Construído com base num projeto do Arquiteto Raul Lino (1879/1974), o Tivoli foi inaugurado em 1924, no dia 30 de novembro (domingo), disponibilizando 2.100 lugares sentados, com o filme “Violetas Imperiais”, do Realizador Henry Roussel e interpretado pela atriz Raquel Meller.
Quanto ao edifício o mesmo foi beber, no seu aspecto exterior, elementos de referência neoclássica, sendo a decoração interior do estilo Luís XIV. Uma beleza para os olhos e para a alma mesmo antes de se iniciarem as projeções dos filmes.

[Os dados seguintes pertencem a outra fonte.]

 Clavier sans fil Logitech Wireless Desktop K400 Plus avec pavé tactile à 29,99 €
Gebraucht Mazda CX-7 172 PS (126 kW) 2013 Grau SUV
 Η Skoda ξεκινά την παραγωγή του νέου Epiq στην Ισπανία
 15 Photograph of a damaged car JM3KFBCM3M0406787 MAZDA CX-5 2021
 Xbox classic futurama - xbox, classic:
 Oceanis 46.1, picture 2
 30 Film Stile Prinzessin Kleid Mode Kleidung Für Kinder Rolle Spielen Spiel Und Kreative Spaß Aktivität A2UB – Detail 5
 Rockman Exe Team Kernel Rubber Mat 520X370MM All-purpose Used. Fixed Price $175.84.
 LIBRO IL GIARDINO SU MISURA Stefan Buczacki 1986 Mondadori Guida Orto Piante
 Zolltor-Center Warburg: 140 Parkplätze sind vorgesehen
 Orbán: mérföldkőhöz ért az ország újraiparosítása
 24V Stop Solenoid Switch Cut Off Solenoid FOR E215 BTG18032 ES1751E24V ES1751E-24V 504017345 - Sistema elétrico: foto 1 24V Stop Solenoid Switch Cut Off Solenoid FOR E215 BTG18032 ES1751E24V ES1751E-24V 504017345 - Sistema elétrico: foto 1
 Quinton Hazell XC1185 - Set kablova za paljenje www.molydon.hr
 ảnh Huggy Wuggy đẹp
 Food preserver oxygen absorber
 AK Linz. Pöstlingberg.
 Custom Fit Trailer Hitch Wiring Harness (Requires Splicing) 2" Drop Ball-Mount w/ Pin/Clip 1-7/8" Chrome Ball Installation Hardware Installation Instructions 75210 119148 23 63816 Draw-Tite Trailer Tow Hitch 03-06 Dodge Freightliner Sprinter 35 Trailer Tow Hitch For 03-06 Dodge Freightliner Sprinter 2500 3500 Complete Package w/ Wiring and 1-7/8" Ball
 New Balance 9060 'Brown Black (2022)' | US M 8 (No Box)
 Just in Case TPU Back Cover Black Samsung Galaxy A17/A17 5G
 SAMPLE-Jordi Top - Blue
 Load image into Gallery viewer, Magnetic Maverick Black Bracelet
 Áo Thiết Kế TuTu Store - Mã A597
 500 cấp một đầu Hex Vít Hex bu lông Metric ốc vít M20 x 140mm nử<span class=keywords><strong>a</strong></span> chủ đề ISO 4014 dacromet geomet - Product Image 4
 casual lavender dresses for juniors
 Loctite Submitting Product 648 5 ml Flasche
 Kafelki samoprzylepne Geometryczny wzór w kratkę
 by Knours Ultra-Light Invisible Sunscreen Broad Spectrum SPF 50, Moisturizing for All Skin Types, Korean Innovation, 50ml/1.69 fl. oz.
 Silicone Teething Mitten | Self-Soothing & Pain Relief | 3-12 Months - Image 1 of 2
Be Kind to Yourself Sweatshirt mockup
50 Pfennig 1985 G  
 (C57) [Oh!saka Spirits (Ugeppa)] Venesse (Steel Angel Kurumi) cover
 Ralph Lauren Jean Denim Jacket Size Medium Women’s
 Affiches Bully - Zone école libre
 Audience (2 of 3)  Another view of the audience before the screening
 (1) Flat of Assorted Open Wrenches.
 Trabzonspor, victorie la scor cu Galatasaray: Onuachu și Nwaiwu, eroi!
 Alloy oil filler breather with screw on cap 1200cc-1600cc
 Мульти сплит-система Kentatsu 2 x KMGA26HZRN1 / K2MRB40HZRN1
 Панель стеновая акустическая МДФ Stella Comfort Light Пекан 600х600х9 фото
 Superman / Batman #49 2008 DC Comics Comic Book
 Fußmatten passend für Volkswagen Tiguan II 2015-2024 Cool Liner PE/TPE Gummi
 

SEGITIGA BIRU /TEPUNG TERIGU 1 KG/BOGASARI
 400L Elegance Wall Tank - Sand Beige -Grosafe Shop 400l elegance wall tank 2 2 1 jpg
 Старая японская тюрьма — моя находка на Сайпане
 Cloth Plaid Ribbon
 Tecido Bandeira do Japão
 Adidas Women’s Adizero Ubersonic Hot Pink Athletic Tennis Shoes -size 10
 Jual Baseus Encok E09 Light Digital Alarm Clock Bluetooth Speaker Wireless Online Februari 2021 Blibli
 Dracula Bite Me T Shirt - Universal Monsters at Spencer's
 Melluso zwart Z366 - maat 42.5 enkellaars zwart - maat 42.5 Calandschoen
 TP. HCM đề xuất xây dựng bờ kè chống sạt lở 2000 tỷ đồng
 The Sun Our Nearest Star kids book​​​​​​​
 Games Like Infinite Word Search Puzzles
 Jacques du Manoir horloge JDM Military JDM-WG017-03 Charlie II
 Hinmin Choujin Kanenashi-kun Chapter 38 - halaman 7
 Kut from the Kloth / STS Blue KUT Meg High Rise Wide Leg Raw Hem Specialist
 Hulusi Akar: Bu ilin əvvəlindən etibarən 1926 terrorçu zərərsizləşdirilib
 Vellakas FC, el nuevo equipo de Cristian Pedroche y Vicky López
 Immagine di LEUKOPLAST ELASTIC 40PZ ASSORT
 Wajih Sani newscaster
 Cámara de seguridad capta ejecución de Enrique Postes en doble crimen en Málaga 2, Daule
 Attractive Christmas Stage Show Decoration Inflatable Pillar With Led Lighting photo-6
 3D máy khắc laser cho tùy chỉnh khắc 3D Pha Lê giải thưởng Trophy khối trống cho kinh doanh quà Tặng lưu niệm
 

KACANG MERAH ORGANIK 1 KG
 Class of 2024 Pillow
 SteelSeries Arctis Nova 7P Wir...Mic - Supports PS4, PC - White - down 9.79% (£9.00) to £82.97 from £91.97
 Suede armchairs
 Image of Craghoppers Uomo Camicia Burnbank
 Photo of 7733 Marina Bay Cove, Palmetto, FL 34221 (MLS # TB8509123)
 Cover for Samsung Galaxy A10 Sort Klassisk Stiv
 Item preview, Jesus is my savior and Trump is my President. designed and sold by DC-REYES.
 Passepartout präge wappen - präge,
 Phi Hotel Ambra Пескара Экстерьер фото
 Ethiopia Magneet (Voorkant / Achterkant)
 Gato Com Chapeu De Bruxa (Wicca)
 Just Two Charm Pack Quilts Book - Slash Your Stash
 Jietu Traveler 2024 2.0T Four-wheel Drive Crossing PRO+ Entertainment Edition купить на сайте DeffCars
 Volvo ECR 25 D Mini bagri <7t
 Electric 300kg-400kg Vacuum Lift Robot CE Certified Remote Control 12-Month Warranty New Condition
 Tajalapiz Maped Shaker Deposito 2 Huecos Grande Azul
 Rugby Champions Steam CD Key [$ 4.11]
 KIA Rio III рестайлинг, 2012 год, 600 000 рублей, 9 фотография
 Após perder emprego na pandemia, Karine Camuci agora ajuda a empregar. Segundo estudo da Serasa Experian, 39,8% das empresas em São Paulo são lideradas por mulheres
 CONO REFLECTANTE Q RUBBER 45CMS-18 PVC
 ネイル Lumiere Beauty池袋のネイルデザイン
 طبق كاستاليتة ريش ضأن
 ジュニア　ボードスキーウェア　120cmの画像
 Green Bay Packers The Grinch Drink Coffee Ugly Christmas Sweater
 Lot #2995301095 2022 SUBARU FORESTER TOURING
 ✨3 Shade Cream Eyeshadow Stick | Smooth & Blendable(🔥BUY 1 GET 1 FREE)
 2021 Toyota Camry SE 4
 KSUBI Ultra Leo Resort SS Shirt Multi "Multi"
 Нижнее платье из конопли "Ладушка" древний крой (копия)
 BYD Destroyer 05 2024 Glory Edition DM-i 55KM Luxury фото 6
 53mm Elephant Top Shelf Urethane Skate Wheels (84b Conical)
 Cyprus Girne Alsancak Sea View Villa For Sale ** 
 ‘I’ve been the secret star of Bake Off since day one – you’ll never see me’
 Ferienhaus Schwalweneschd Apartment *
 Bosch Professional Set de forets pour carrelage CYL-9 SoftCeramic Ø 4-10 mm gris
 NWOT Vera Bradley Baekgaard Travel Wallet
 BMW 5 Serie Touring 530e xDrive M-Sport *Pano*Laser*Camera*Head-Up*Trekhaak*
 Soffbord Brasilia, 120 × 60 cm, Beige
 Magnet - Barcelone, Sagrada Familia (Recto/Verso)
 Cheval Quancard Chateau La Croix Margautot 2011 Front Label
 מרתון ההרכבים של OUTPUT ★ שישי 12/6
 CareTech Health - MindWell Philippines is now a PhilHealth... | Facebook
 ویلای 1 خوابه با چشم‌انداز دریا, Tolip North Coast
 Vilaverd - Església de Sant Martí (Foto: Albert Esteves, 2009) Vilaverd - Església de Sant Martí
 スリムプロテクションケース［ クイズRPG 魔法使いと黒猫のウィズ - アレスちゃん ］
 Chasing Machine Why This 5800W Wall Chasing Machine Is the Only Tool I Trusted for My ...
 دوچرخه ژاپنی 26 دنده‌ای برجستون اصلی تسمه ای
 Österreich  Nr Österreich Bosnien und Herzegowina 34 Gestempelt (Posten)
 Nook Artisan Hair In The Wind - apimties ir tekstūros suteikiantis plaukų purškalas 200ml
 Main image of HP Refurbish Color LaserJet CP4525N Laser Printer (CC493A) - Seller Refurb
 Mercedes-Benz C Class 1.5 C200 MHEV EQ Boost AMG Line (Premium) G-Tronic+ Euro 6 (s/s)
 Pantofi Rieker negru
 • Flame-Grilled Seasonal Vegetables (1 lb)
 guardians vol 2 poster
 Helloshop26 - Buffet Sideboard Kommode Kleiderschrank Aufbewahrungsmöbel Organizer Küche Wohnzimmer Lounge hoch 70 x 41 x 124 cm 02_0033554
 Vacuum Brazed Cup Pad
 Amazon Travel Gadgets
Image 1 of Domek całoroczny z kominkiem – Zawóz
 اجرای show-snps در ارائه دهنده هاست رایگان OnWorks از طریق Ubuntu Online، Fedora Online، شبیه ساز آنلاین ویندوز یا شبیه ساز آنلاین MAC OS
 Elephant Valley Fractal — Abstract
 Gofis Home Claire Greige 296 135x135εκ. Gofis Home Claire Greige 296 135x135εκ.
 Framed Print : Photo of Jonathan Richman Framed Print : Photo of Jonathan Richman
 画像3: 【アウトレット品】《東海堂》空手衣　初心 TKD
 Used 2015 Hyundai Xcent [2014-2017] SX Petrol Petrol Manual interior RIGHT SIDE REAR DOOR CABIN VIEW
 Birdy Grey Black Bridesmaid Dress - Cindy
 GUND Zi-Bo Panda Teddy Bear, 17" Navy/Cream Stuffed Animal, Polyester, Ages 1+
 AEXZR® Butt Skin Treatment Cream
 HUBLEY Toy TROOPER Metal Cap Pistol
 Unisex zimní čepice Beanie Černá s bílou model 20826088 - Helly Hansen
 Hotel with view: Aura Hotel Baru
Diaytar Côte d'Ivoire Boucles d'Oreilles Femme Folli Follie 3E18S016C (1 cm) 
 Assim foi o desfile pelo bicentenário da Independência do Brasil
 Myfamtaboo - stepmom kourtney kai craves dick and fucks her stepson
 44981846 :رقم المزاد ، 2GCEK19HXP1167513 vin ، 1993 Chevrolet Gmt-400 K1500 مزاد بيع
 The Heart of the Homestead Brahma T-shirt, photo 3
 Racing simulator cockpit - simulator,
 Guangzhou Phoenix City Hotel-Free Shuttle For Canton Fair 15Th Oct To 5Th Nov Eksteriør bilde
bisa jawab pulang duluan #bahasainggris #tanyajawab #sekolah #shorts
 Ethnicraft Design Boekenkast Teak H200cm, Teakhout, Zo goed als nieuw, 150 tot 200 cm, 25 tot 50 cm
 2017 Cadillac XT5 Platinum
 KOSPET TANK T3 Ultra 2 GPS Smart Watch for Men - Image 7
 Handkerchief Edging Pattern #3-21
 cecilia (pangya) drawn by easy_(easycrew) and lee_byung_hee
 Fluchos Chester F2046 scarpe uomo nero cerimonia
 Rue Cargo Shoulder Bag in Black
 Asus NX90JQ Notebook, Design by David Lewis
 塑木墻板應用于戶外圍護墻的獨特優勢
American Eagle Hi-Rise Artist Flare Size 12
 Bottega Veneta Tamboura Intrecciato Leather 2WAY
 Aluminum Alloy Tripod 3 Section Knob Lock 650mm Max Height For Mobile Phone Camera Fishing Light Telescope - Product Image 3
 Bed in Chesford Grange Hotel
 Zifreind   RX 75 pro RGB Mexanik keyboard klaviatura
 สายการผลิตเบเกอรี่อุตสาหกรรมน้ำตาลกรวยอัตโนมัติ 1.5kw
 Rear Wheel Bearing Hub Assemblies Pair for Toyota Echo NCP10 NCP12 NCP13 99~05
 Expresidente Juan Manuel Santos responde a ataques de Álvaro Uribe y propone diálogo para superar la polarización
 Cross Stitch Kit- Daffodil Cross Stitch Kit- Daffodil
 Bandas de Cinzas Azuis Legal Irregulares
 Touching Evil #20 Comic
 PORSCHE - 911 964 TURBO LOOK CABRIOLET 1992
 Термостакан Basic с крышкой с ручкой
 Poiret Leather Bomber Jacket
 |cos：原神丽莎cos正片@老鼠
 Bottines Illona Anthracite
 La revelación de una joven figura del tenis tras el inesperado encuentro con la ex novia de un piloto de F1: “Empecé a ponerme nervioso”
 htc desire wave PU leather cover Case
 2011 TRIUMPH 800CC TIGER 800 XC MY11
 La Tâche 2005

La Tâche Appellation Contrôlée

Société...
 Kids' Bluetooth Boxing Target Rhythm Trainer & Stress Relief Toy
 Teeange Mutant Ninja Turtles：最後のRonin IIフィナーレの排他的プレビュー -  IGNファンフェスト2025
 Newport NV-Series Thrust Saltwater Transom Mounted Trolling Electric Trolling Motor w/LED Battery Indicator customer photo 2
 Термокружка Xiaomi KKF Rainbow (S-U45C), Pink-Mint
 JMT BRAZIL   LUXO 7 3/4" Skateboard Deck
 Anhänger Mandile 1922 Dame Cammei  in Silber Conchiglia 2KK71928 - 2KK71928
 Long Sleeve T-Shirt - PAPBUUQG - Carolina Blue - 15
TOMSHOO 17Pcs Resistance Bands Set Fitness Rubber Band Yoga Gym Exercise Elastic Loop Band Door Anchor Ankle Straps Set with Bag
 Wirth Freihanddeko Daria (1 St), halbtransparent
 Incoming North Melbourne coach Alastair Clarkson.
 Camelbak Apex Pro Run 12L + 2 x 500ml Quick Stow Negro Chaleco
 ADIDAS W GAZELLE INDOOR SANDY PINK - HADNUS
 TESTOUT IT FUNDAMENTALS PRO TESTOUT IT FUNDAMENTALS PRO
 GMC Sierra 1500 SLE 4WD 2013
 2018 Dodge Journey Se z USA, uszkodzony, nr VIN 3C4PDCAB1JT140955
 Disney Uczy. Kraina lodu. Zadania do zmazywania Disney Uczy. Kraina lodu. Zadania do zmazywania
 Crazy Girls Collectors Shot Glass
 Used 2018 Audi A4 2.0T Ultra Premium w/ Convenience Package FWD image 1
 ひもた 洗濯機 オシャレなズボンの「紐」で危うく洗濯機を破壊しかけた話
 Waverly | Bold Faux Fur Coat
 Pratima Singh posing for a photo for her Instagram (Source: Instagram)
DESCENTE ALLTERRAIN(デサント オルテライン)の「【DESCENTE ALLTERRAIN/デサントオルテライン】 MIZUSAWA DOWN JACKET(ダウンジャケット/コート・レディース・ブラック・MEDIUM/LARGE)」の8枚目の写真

Recorrendo ao livro “Os Mais Antigos Cinemas de Lisboa-1896/1939” de Félix Ribeiro, encontramos:
“Construção de planta composta, quase quadrangular, com 2 pisos, cave, cobertura em cúpula - com tambor rasgado por janelas, cornija e platibanda em balaustrada com jarrões, domo e lanterna circular -, e em telhado escalonado, o Cinema apresenta diversos corpos, articulados horizontalmente, em gaveto. É precisamente neste, que o edifício apresenta um corpo central, cilíndrico, rasgado por 3 portas em arco pleno, com as bandeiras repletas de rendilhado radiante realizado em ferro forjado. As suas fachadas laterais encontram-se divididas por pilastras, com portas de vão rectangular, entabladas com decoração de grinaldas, e coroadas por um óculo encimado por festões, e entre as quais situam-se outras janelas de vão, igualmente rectangular, mas emolduradas a cantaria e com guardas em balaustrada”
A Sala de Teatro
Estando o Cinema, na data de inauguração, ainda na fase do mudo e sendo o Tivoli considerado à época a melhor sala de espetáculos do país, os proprietários de então, ou seja, Frederico Lima Mayer, deram logo desde os primeiros tempos da fundação da sala de Cinema outro tipo de manifestações culturais como, por exemplo, o Teatro, uma arte de representação tão apreciada à época e virada fundamentalmente para as elites de então.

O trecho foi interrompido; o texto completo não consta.